Ideal Candidate Background
Experience Requirements
- 3+ years of infrastructure, platform, cloud, or data infrastructure engineering experience.
- Strong experience working at a company with a sophisticated engineering culture.
- Experience in one of two core archetypes:
- Cloud Infrastructure Engineer: Building and deploying infrastructure across AWS, GCP, Azure, or similar environments.
- Data Infrastructure Engineer: Building complex data ingestion, processing, or pipeline systems.
- Demonstrated progression in technical scope, ownership, or seniority.
- Strong candidates may come from high-growth startups or established technology companies with strong engineering standards.
- For NYC-based candidates, 4–5+ years of experience is preferred unless offset by strong startup pedigree or a top-tier CS background.
- Candidates must have at least 1 year of full-time professional experience after graduation.
Technical Requirements
- Strong experience with at least one major cloud platform: AWS, GCP, or Azure.

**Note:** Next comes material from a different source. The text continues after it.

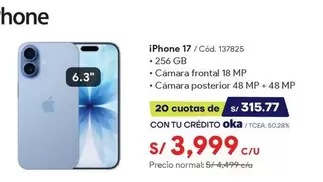 iPhone 17 / Cód. 137825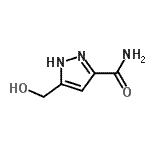 5-(hydroxymethyl)-1H-pyrazole-3-carboxamide Structure,71083-83-5Structure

- Strong Kubernetes and containerization experience.
- Experience building and operating production infrastructure.
- Experience with data pipeline or ETL technologies.

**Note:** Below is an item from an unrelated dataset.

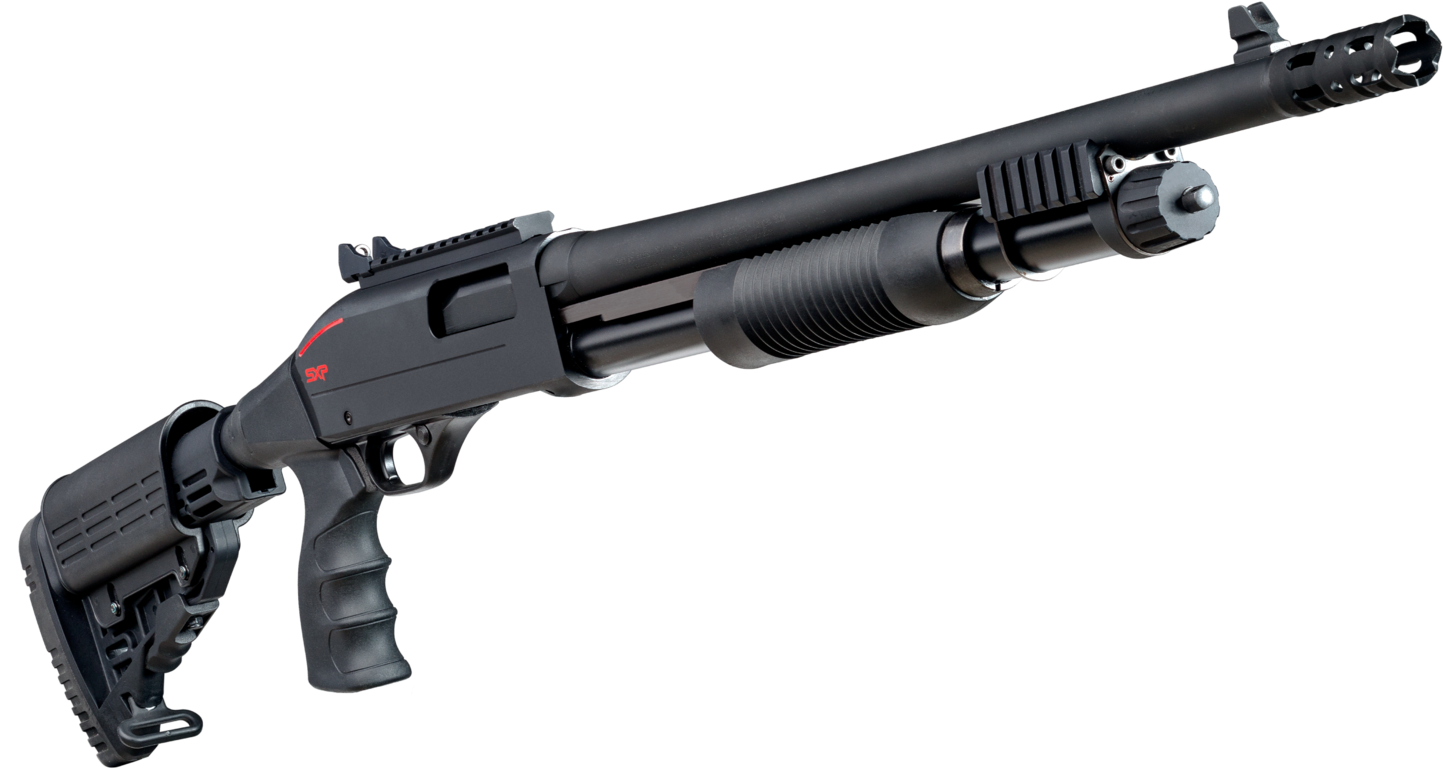 Tactical Shotgun Isolated PNG Image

- Experience with infrastructure-as-code and automated deployment practices.
- Familiarity with modern monitoring, logging, and observability tools such as Datadog.
- Strong understanding of distributed systems, reliability, scalability, and production operations.
- Ability to work across infrastructure and data systems rather than focusing exclusively on one tool.
Infrastructure, Data & Security Requirements
- Experience designing scalable cloud infrastructure.
- Experience building robust data ingestion and processing pipelines.
- Strong security mindset when working with sensitive or customer data.
- Experience with access controls, data governance, auditability, or similar security concepts.
- Understanding of compliance requirements is a strong plus, particularly SOC, SOX, GDPR, or financial-services regulations.
- Experience supporting ML infrastructure or AI workloads is highly valued.
- Familiarity with platforms such as SageMaker or Bedrock is a plus.
- Experience with real-time data processing is a plus.
Soft Skills
- Strong motivation for joining an early-stage startup.
- High ownership and ability to work independently.
- Strong problem-solving and systems-thinking skills.
- Comfortable operating in an ambiguous, fast-moving environment.
- Strong communication and collaboration skills.
- Ability to balance speed with reliability and engineering quality.
- Curious and motivated by technically challenging infrastructure problems.
- Clear understanding of why they want to work at an early-stage company.
Compensation & Benefits
- $150,000 – $300,000 base salary.
- Flexibility for exceptional candidates.
- Competitive equity package.
- Full-time position.
- On-site work in San Francisco or New York City.
- Flexible working hours with no rigid office schedule.
- Opportunity to work alongside experienced founders and engineers.
- Significant technical ownership in a rapidly growing AI infrastructure company.
Why Join
- Join an early-stage AI infrastructure company backed by top-tier investors.
- Work on infrastructure supporting sensitive, high-value financial data.
- Build systems at the intersection of cloud infrastructure, data engineering, security, and AI.
- Work alongside experienced founders with backgrounds at high-growth technology companies.
- Join as one of the early engineering hires and have meaningful influence on the platform's architecture.
- Solve challenging infrastructure problems involving large-scale data ingestion, AI workloads, security, and multi-cloud deployments.
- Work in an environment that values both high technical standards and flexibility.
- Help unlock additional customer growth by building the infrastructure needed to scale the business.